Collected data
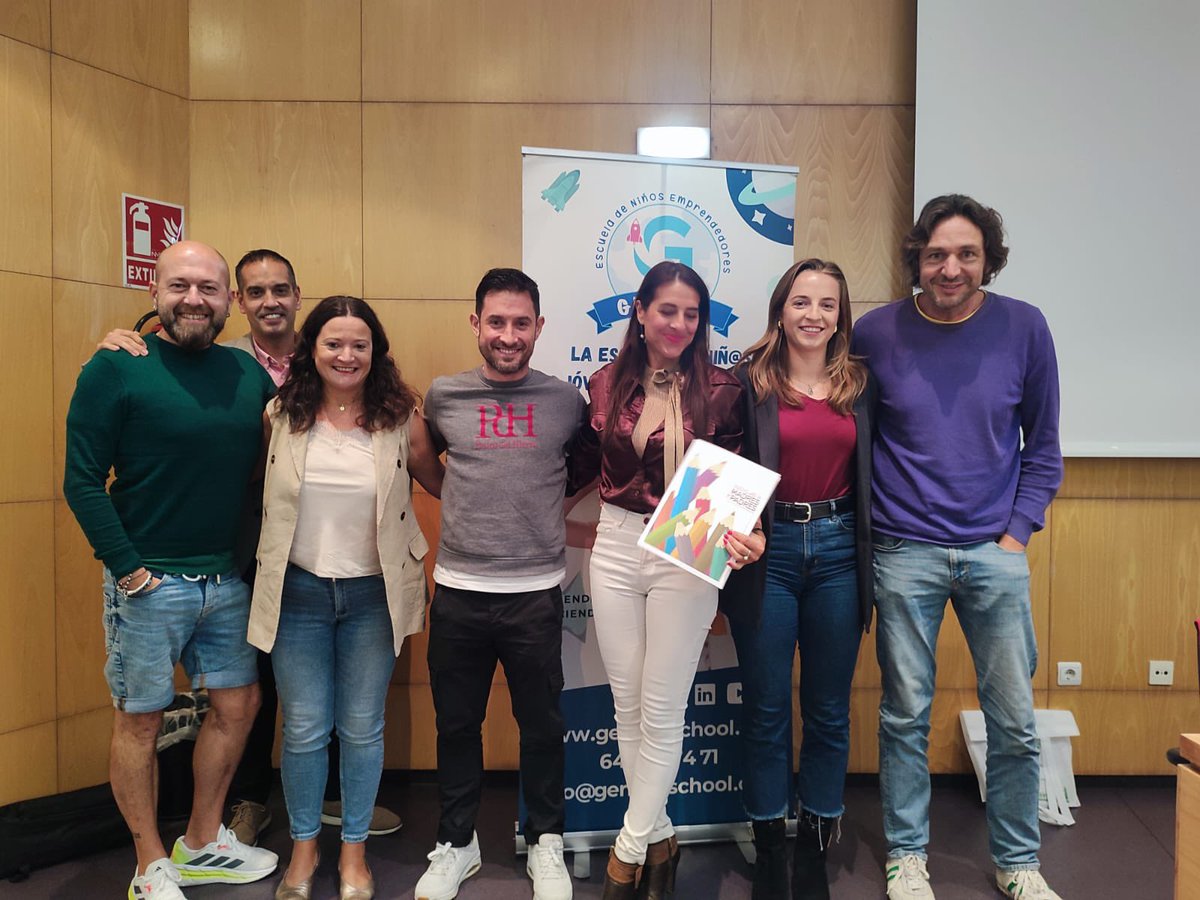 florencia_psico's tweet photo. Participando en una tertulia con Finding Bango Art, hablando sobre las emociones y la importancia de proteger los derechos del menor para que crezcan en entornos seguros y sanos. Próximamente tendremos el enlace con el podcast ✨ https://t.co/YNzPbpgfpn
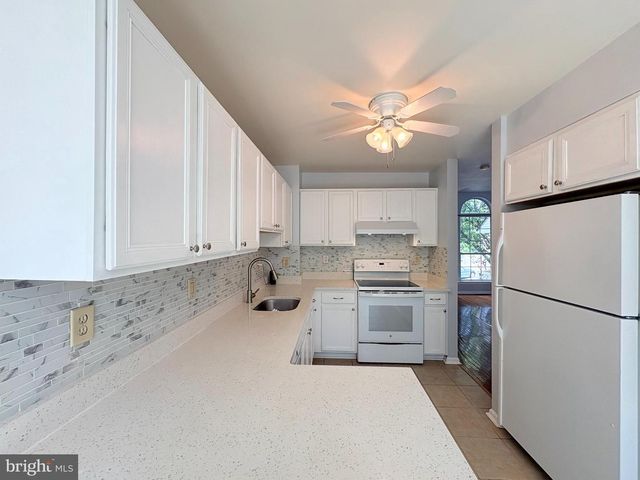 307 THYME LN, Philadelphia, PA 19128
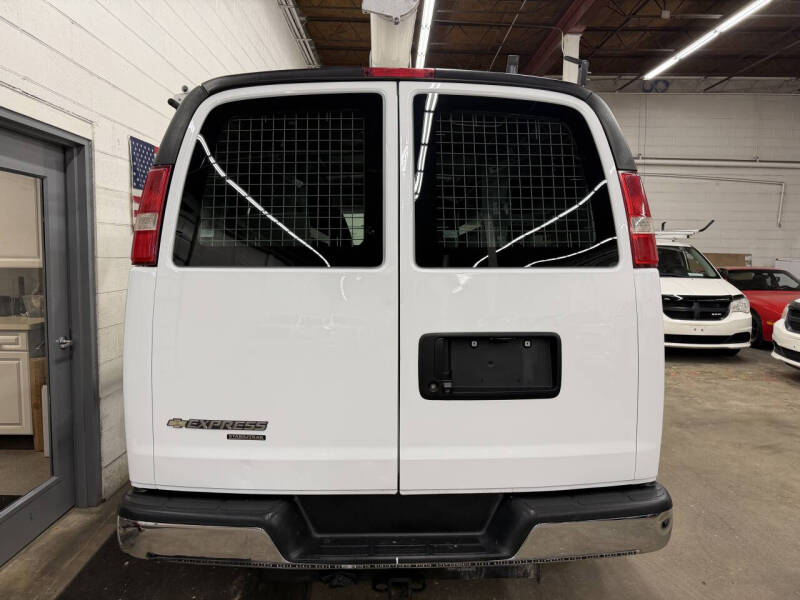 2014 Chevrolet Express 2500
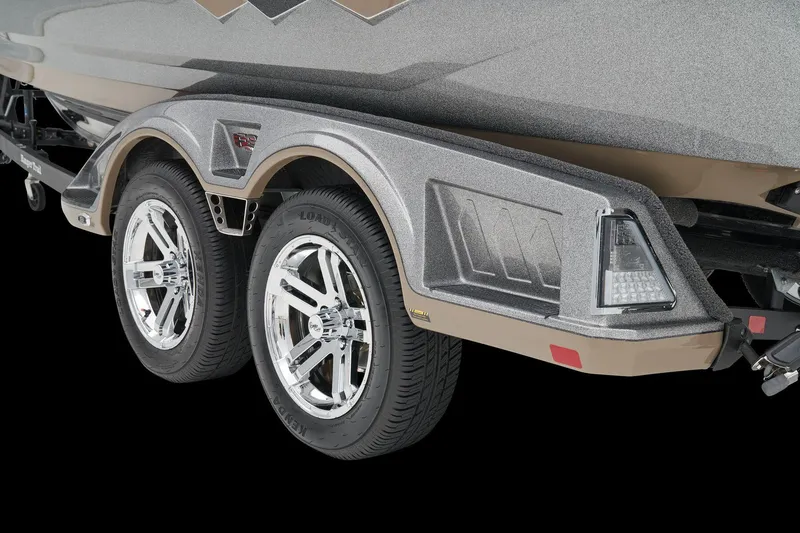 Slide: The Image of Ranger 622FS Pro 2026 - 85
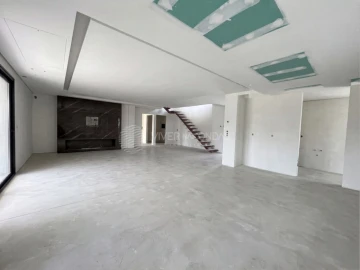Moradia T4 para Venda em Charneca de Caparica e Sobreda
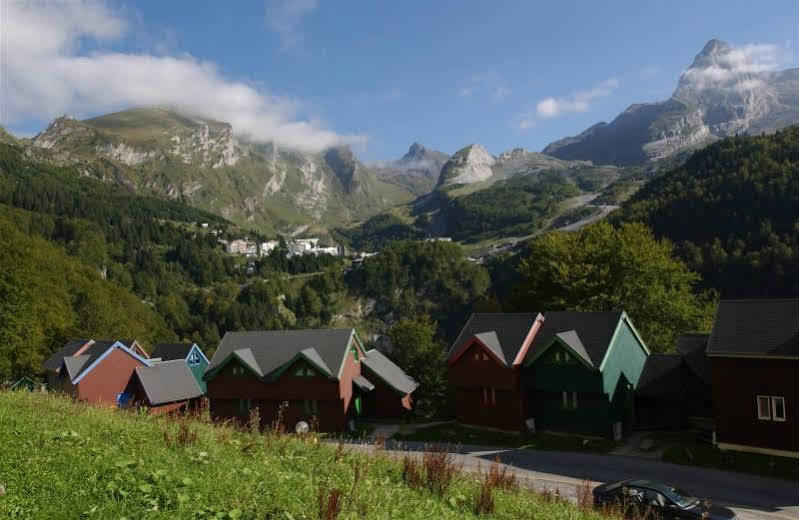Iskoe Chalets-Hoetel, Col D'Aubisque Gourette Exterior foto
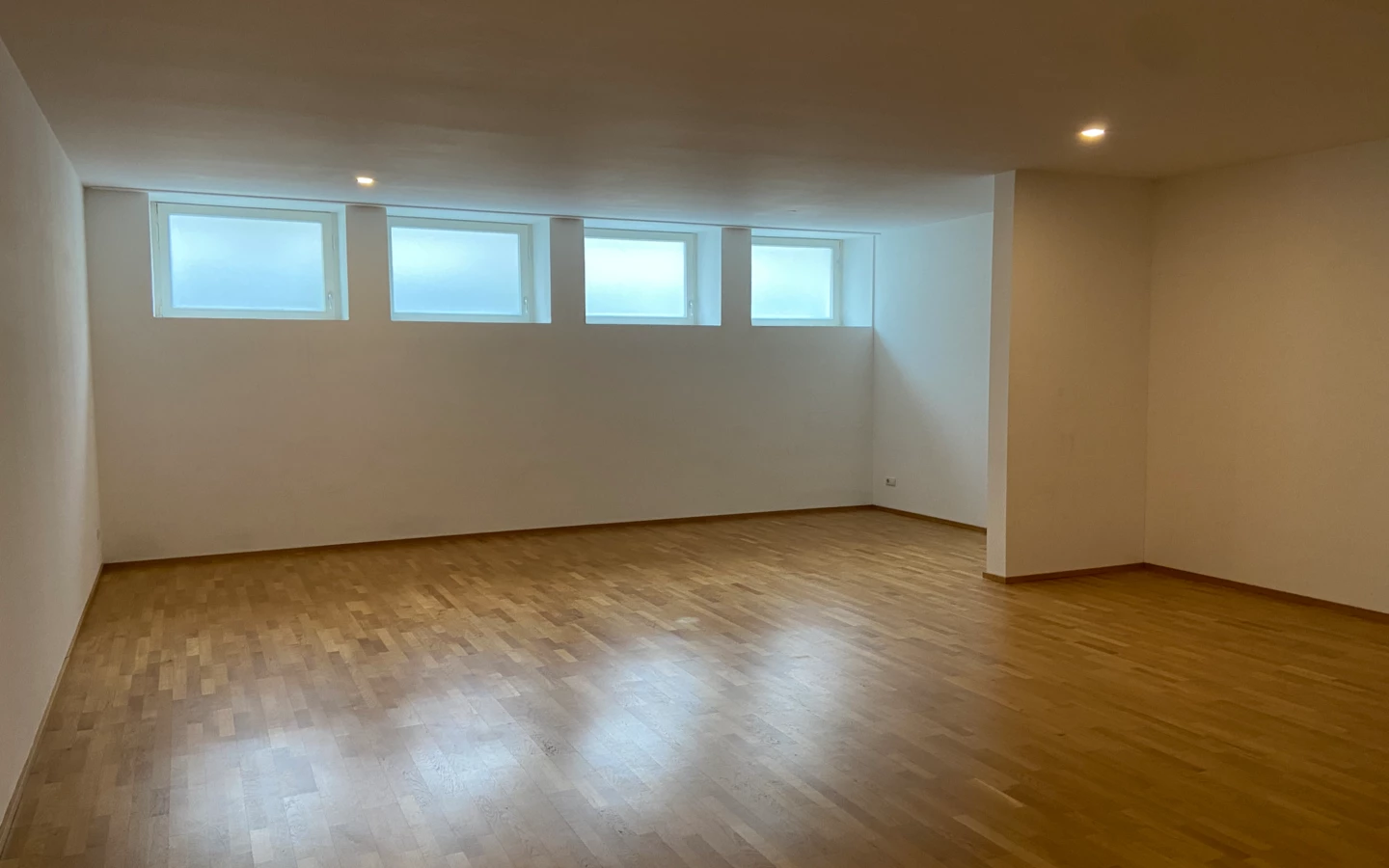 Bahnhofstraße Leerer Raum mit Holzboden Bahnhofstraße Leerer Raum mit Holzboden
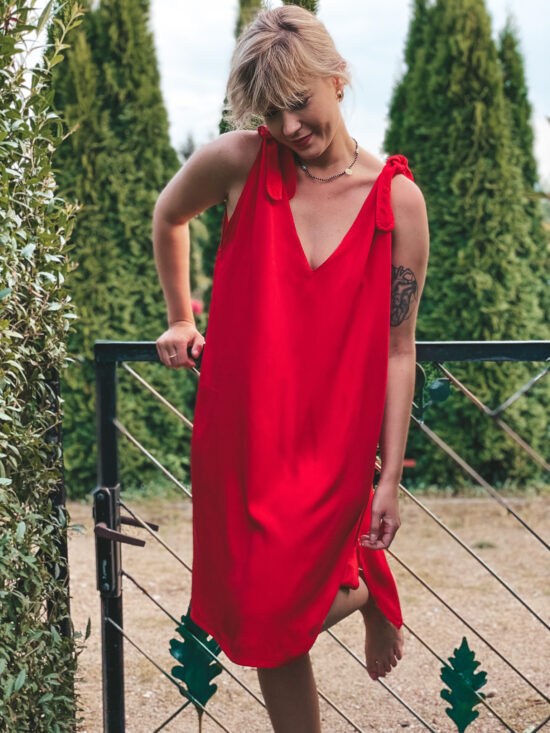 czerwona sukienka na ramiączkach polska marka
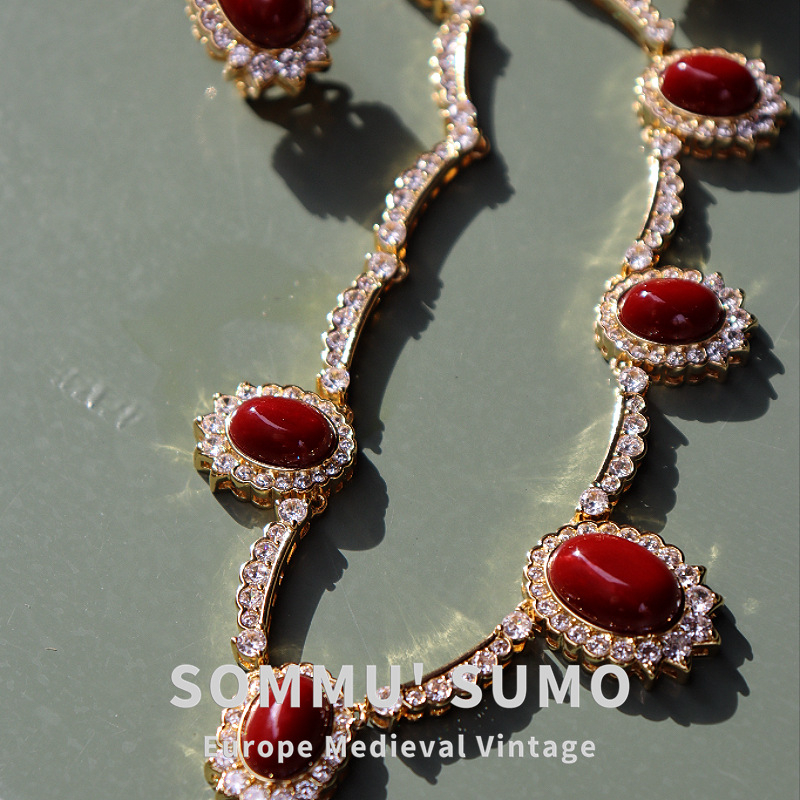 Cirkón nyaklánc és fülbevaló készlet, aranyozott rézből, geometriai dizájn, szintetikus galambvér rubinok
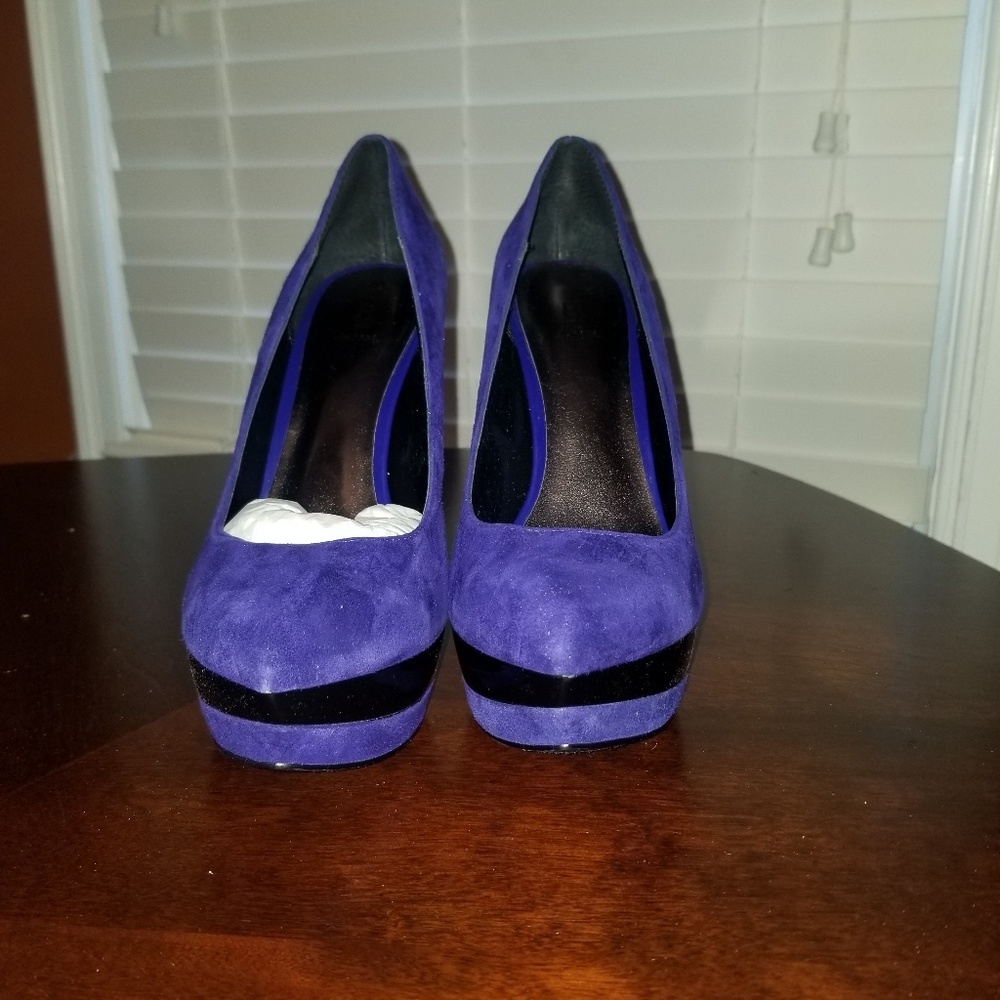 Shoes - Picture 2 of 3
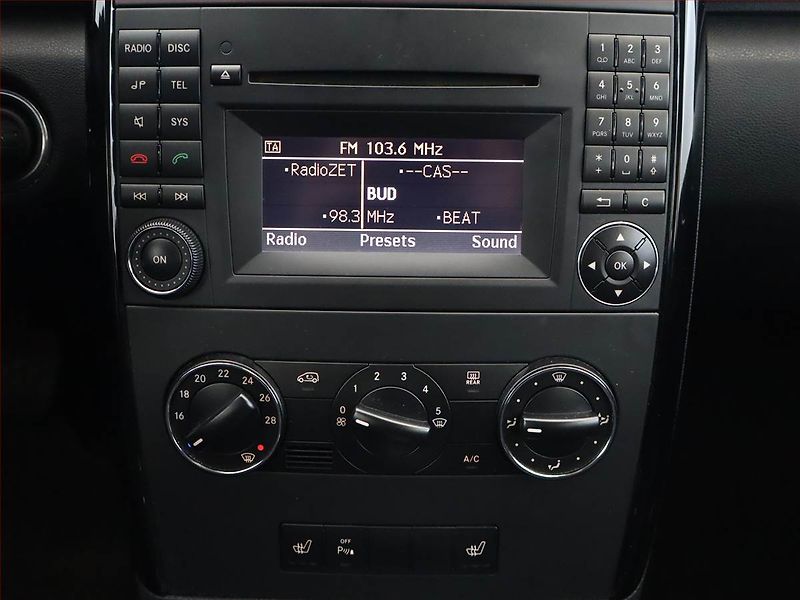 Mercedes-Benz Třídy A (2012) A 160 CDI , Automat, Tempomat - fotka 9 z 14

PROBLEM STATEMENT — Give the lines of the entries above exactly as they appear, leaving out each picture.

REPLY TO THE EXERCISE —
 florencia_psico's tweet photo. Participando en una tertulia con Finding Bango Art, hablando sobre las emociones y la importancia de proteger los derechos del menor para que crezcan en entornos seguros y sanos. Próximamente tendremos el enlace con el podcast ✨ https://t.co/YNzPbpgfpn
 307 THYME LN, Philadelphia, PA 19128
 2014 Chevrolet Express 2500
 Slide: The Image of Ranger 622FS Pro 2026 - 85
Moradia T4 para Venda em Charneca de Caparica e Sobreda
Iskoe Chalets-Hoetel, Col D'Aubisque Gourette Exterior foto
 Bahnhofstraße Leerer Raum mit Holzboden Bahnhofstraße Leerer Raum mit Holzboden
 czerwona sukienka na ramiączkach polska marka
 Cirkón nyaklánc és fülbevaló készlet, aranyozott rézből, geometriai dizájn, szintetikus galambvér rubinok
 Shoes - Picture 2 of 3
 Mercedes-Benz Třídy A (2012) A 160 CDI , Automat, Tempomat - fotka 9 z 14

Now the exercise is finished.